Re: Pluggable regex engine in Perl
by ELISHEVA (Prior) on Dec 27, 2010 at 08:48 UTC
|
I'm sure there are people who do take this as an invitation to write their own "just cause", but the practical reason for a custom regex engine would be the need to emulate the behavior of some other regex syntax. Bash, PHP, Java, various flavors of the grep command, all have their own slight regular expression nuances.

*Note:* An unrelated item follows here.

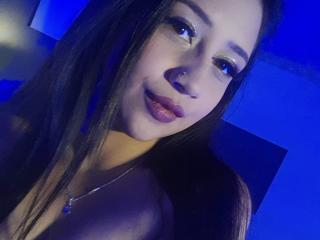 Lásd a VioletatheMoon teljes profilját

For example, a person might need to port a large amount of code from PHP to Perl. Rather that study each and every regex in that code, it might make more sense to port the code but leave the original regular expressions in place. Converting syntax is usually fairly straight-forward. Deciphering and converting regular expressions, not always so. You would have that option with a pluggable regex API.
| [reply] |
Re: Pluggable regex engine in Perl
by moritz (Cardinal) on Dec 27, 2010 at 09:27 UTC
|
I've heard that the regex API has changed quite a bit between 5.10 and 5.12 due to the promotion of regexes to first class objects. If that's true, one should either just target 5.12 or newer when writing a new plugin, or be aware of the differences and use some #ifdefs.
I wonder if any of these are in use and what are the use cases? What issues do these plugs solve that is impossible, harder, slower or have some other issues with the standard regex engine of Perl?
The now deceased re::engine::TRE had two features that made it attractive for some uses: for one it would match the longest of several alternations (instead of the first, as Perl does), and secondly it uses a non-backtracking state machine internally whenever possible, which means that pathological exponential time behavior doesn't occur as easily as with the Perl engine.
| [reply] [d/l] |
Re: Pluggable regex engine in Perl
by dgl (Novice) on Dec 27, 2010 at 12:16 UTC
|
I'm the author of re::engine::RE2.
As for motivation it was mostly to learn a bit about this area of Perl, however I do see uses for RE2 due to its matching being much faster than Perl's matching.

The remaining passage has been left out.